Generasi muda Islam seharusnya sigap dan siap menghadapi kancah kehidupan yang dewasa, bukan membiarkan diri terseret pada arus yang merusak. Penguasa adalah orang tua yang memiliki kontrol luas, seharusnya tidak menjerumuskan anak-anak bangsa menjadi pengekor peradaban yang rusak. Gemerlap Hallyu tak mustahil membuat kita halu. Melupakan kondisi realistis menjadi khayalan-khayalan apatis.
Bagaimana sistem Islam membangun jati diri generasi? Jawabannya, Islam sangat selektif dalam memeriksa konten hiburan, jika tidak mendidik apalagi melanggar syariat, tentu itu tidak akan layak untuk diadaptasi. Atmosfer keluarga muslim pun akan kondusif karena pemerintah akan fokus dan ikut berkontribusi menghidupkan Al-Qur’an di tiap-tiap rumah, tak sekadar menghafalkannya.
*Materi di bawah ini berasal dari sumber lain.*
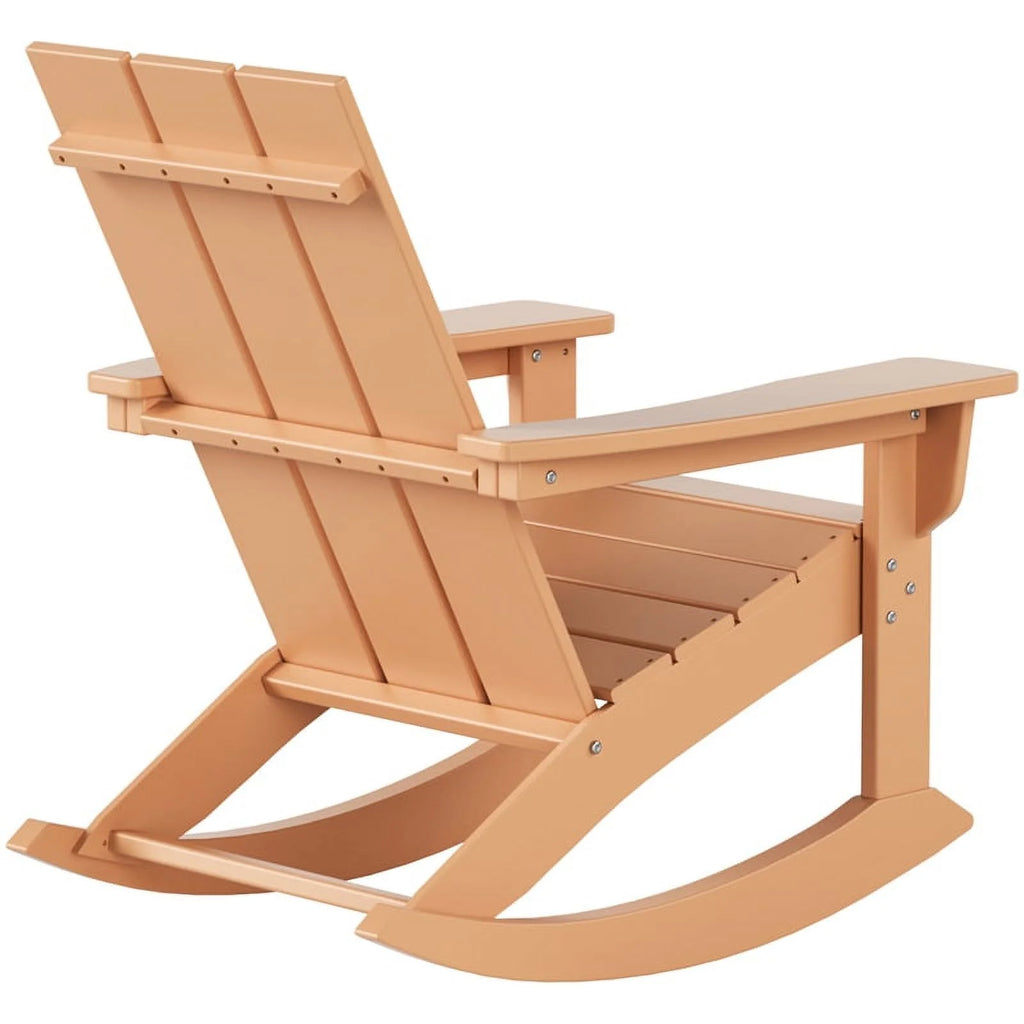 Teak Plastic Outdoor Rocking Chairs Set of 4 B718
Remaja yang menguatkan garda Islam telah terbukti riwayatnya, seperti: Usamah bin Zaid (18 tahun) memimpin pasukan yang anggotanya adalah para pembesar sahabat Rasulullah SAW, Sa’id bin Abi Waqqash (17 tahun) yang pertama kali melontarkan anak panah di jalan Allah termasuk dari enam ahlus syura, Zaid bin Tsabit (13 tahun) penulis wahyu dalam tujuh belas malam mampu menguasai bahasa Suryani sehingga menjadi penerjemah Rasulullah saw. hafal kitabullah dan ikut serta dalam kodifikasi Al-Qur’an, serta banyak lagi pemuda tangguh yang memiliki identitas luhur. Begitulah gambaran sistem Islam dalam mendidik generasi.
Seharusnya kita sadar bahwa pemahaman sekuler tak pernah takut membunuh identitas diri generasi secara perlahan dengan mengatasnamakan perkembangan zaman dan tren kekinian, membuat kita lupa akan semua konsekuensi di penghisaban nanti. Jika bukan kita yang membuka tabir menyilaukan dan mengembalikan kepada peradaban Islam yang sesungguhnya, lantas siapa lagi? Relakah hanya menjadi buih di lautan yang tak bertepi, kemudian hilang makna sebagai hamba, dan mati dalam wujud yang hidup?